Nesta perspectiva, a situação atual de sua época e com “o valor espiritual e moral interior das relações sexuais na média foi formado a partir da omissão completa em relação a concatenação econômica das gerações, nossos olhos se tornaram incapazes de ver através da densa névoa que esconde as configurações possíveis de uma tal sociedade futura” (ibid., p. 205).

Revela-se, portanto, como observar os problemas sociais de uma época baseada em uma normalidade confortável segundo a prevalência do papel masculino na dominação também jurídica, faz com que se tornem opacos os horizontes de transformações fundamentadas na realidade social. Somente com a superação de um ordenamento jurídico reprodutivo que, descaradamente, torna as relações sociais assimétricas dentro das casas como também nas instituições, configurando uma dominação que não se justifica na ordem contemporânea que é possível alcançar tal objetivo.
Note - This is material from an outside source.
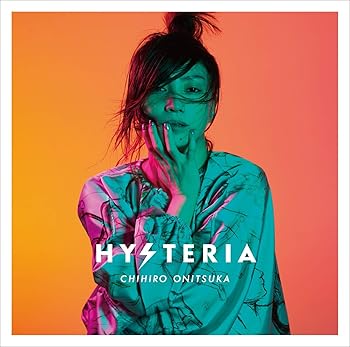 【中古】【39shop】HYSTERIA通常盤CD(非常に良い)|ドリエム店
Em suma, identifica-se o posicionamento socialmente ativo de Marianne Weber através de suas pesquisas e engajamento político, buscando uma normatividade transformadora das assimetrias de sua época, também identificando e criticando os movimentos sociais de luta que pecam em alguns meios de reivindicação. Logo, ela utiliza da pesquisa e da participação científica como o meio pelo qual explorar e divulgar conhecimentos críticos numa sociedade que há pelo que lutar e transformar.
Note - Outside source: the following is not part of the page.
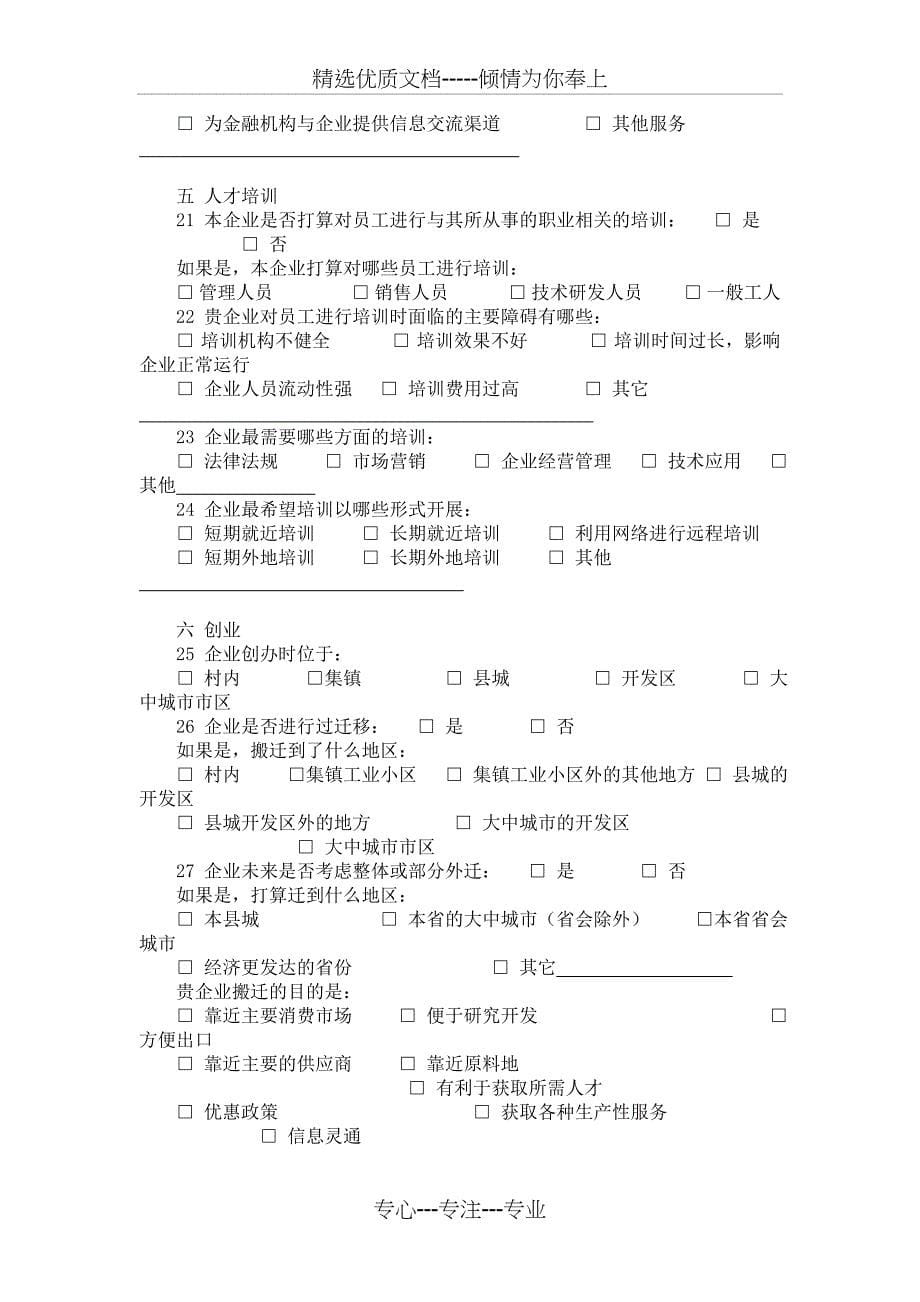 中小企业服务体系建设专项规划企业调查问卷_第5页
*Maurício Brugnaro Júnior é mestrando em história na Unicamp.

Referências


ALDENHOFF-HÜBINGER, Rita. “Comentários sobre Marianne Weber: vida, obra, política, impacto”. In: ZANON, Breilla; SOBOTTKA, Emil Albert; CUNHA, Gustavo; FLEURY, Lorena; CHAGURI, Mariana (orgs.). A atualidade de Max Weber e a presença de Marianne Weber. Porto Alegre, RS: Editora Fundação Fênix, 2021.

SOBOTTKA, Emil; SOUZA, Luiz Gustavo. “Max e Marianne Weber: atualidade, importância, esquecimento”. In: ZANON, Breilla; SOBOTTKA, Emil Albert; CUNHA, Gustavo; FLEURY, Lorena; CHAGURI, Mariana (orgs.). A atualidade de Max Weber e a presença de Marianne Weber. Porto Alegre, RS: Editora Fundação Fênix, 2021.
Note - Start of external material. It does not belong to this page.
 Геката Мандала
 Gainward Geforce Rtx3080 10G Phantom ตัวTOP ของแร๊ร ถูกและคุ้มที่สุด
TOSTE, Verônica; SORJ, Bila. Clássicas do pensamento social: mulheres e feminismos no século XIX. 1ª ed. Rio de Janeiro: Rosa dos Tempos, 2021.

WEBER, Marianne. “Esposa e mãe no desenvolvimento jurídico – excertos”. In: ZANON, Breilla; SOBOTTKA, Emil Albert; CUNHA, Gustavo; FLEURY, Lorena; CHAGURI, Mariana (orgs.). A atualidade de Max Weber e a presença de Marianne Weber. Porto Alegre, RS: Editora Fundação Fênix, 2021.

Notas


[i] Tanto que a inserção de Karl Marx no cânone sociológico ocorreu após a expansão e divulgação dos subalternes studies, a partir da década de 1970.

[ii] Nesse momento, a pesquisa e o trabalho desenvolvido por mulheres no âmbito social foram restringidas aos cuidados e assistencialismo, enquanto uma “sociologia legítima” era praticada nas universidades, ambiente dominado por homens. Na divisão entre empiria e teoria, é alcançado o embate entre cientificismo e implicação de transformação social, fazendo com que o engajamento das primeiras sociólogas fosse substituído e, gradativamente, apagado dos anais da sociologia.

[iii] Nota-se a semelhança entre o ideal transformador — e mesmo emancipador —, com a tese kantiana de maioridade intelectual. Como no seguinte trecho: “mas quando o tempo e o destino permitem o amadurecimento da mulher, e ela não mais — como infelizmente tantos outros — quer permanecer na menoridade, um dia, mesmo que o sentimento de amor para com o marido permaneça inalterado, sua individualidade dormente surge como ânsia por vontade e julgamento e se impõe para ela com a força de um mandamento moral” (WEBER, 2021, p. 188).